YOUR ASSIGNMENT –
Images are to be excluded, and the rest of the data repeated exactly.

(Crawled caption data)
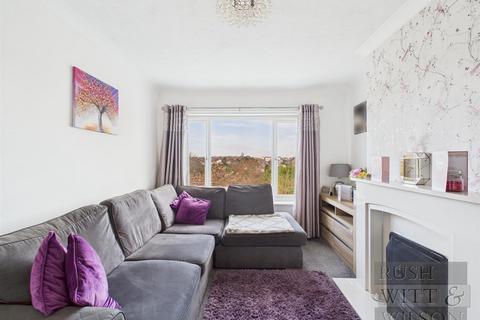 undefined, Park View, Hastings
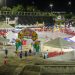 Prefeitura de Manaus realiza 1ª Feira Folclórica no Centro Cultural Povos da Amazônia
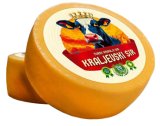 Kraljevski sir 1 kg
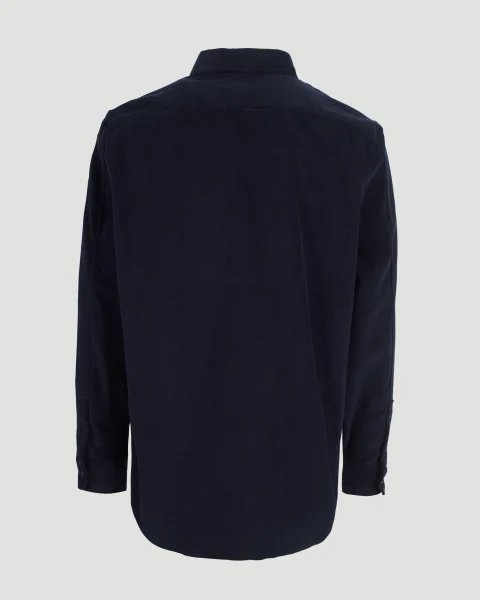 The Grove Corduroy Shirt — снимка 3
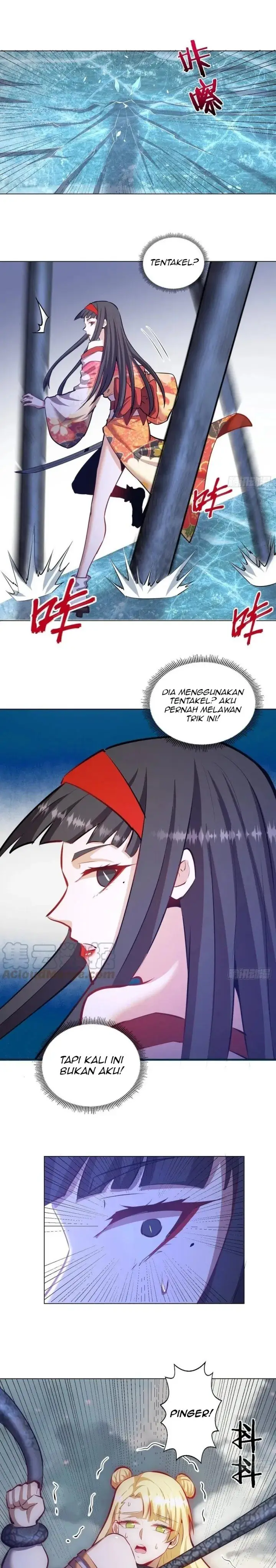 image-komik-dark-star-emperor-chapter-179-6/18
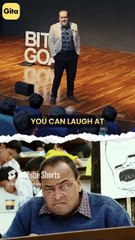 Teachers in Indian Movies! || Acharya Prashant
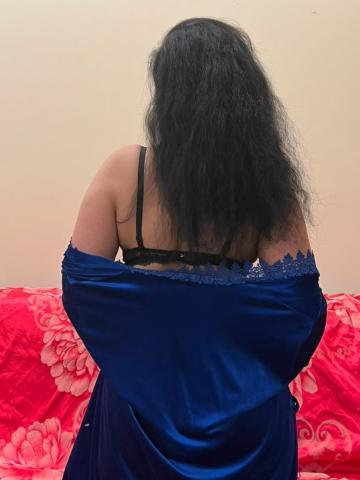 Нурия фото 5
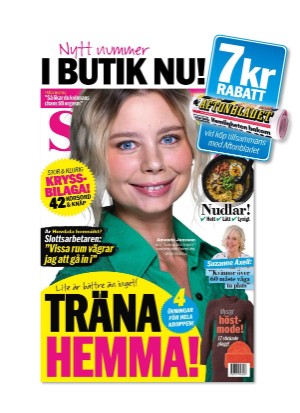 aftonbladet_tv-20221003_000_00_00_099.pdf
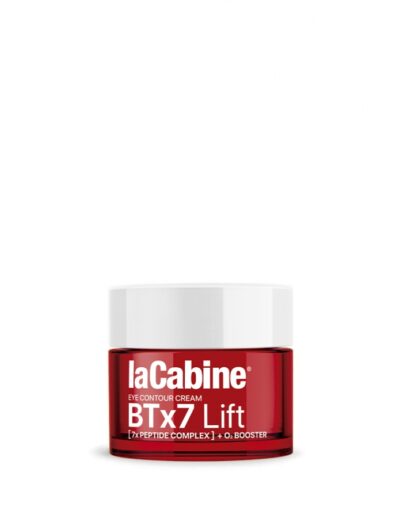 btx7-lift-eye-contour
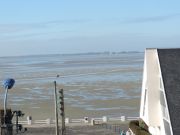 Locations vacances Fort Mahon: appartement n 95400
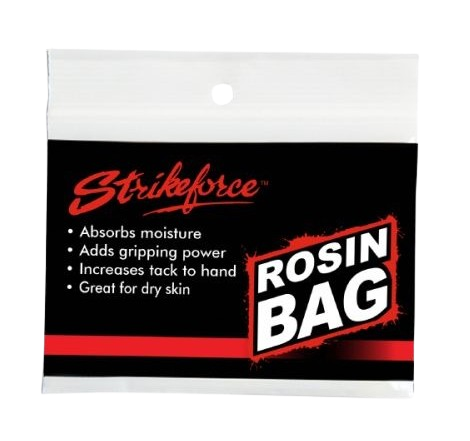 KR Strike Force - Rosin Bag
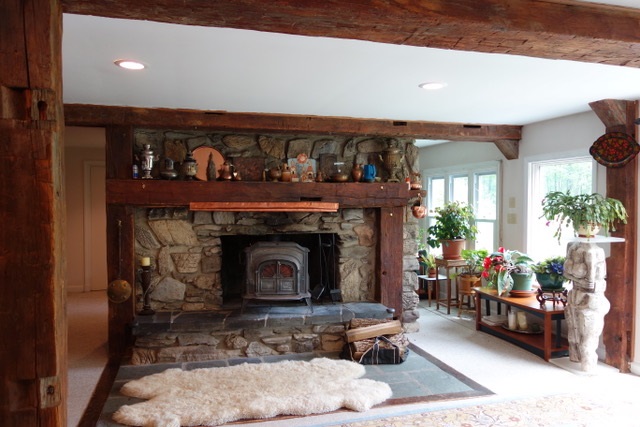 1207 Halladay Road Middlebury, VT 05753 - Photo 22 of 31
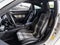 2025 Porsche 911 Turbo 50 Years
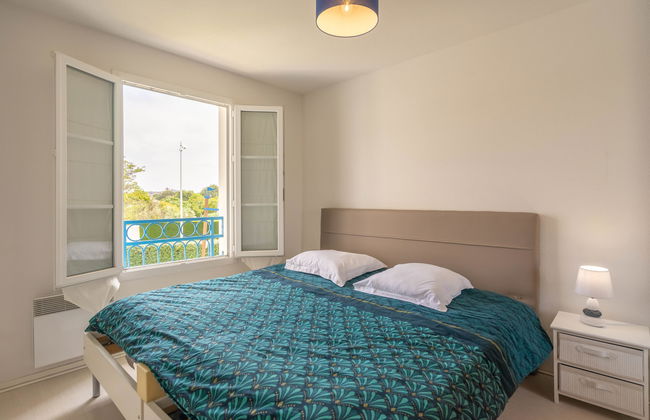 Les Hautes Folies - Foto 4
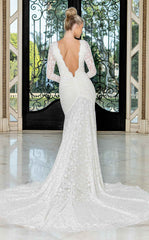 Jessica Angel 10037 Dress
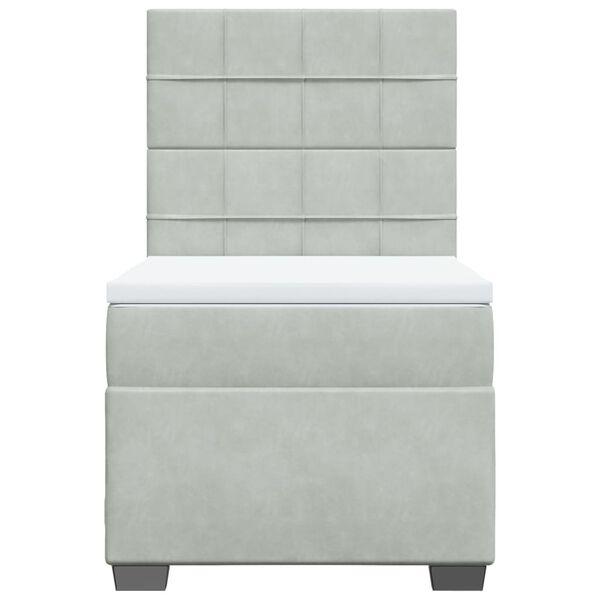 Viser produktbillede 4 af 14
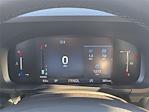 New 2026 Ford Maverick XLT SuperCrew Cab for sale #FH26057 - photo 11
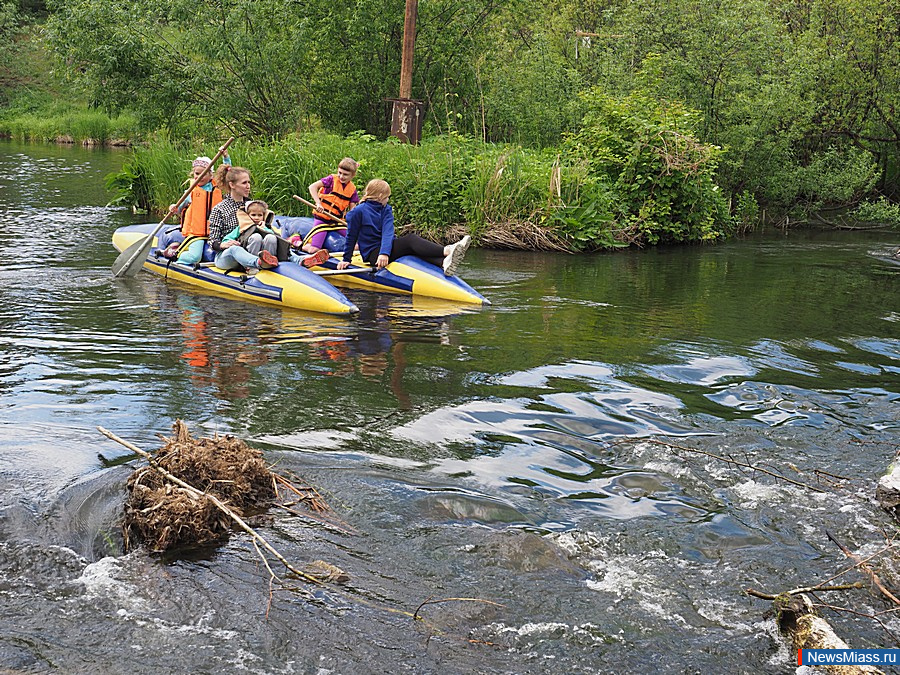 ������ �� ����. �������� ���������� ������������� � �������� � �������� �� ������ ����������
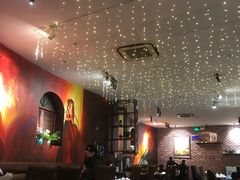 -咖啡之翼(奥特莱斯店)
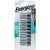 Energizer Max Plus Advanced Aa 16 pack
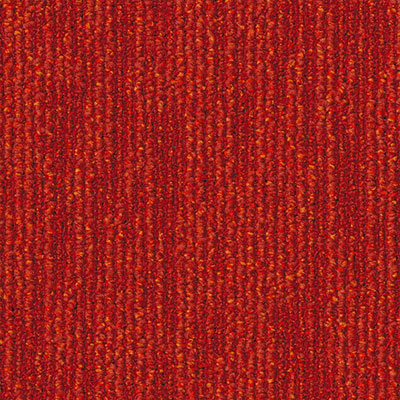 Nouveau Vintage Plank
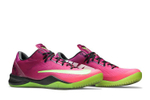 Кроссовки Nike Kobe 8 Mambacurial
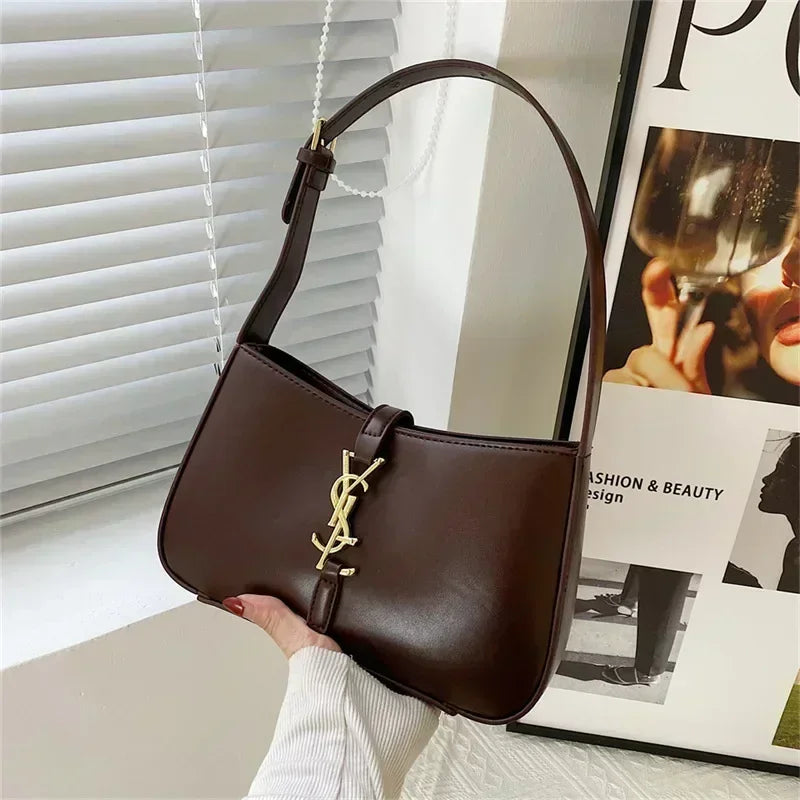 Bag YSL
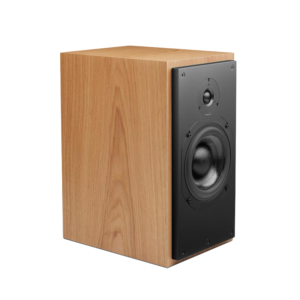 ATC SCM20PSL Passive Loudspeaker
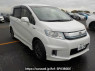 Used 2015 AT honda freed-hybrid GP3 Image[0]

ANSWER SPACE –
 undefined, Park View, Hastings
 Prefeitura de Manaus realiza 1ª Feira Folclórica no Centro Cultural Povos da Amazônia
 Kraljevski sir 1 kg
 The Grove Corduroy Shirt — снимка 3
 image-komik-dark-star-emperor-chapter-179-6/18
 Teachers in Indian Movies! || Acharya Prashant
 Нурия фото 5
 aftonbladet_tv-20221003_000_00_00_099.pdf
 btx7-lift-eye-contour
 Locations vacances Fort Mahon: appartement n 95400
 KR Strike Force - Rosin Bag
 1207 Halladay Road Middlebury, VT 05753 - Photo 22 of 31
 2025 Porsche 911 Turbo 50 Years
 Les Hautes Folies - Foto 4
 Jessica Angel 10037 Dress
 Viser produktbillede 4 af 14
 New 2026 Ford Maverick XLT SuperCrew Cab for sale #FH26057 - photo 11
 ������ �� ����. �������� ���������� ������������� � �������� � �������� �� ������ ����������
 -咖啡之翼(奥特莱斯店)
 Energizer Max Plus Advanced Aa 16 pack
 Nouveau Vintage Plank
 Кроссовки Nike Kobe 8 Mambacurial
 Bag YSL
 ATC SCM20PSL Passive Loudspeaker
 Used 2015 AT honda freed-hybrid GP3 Image[0]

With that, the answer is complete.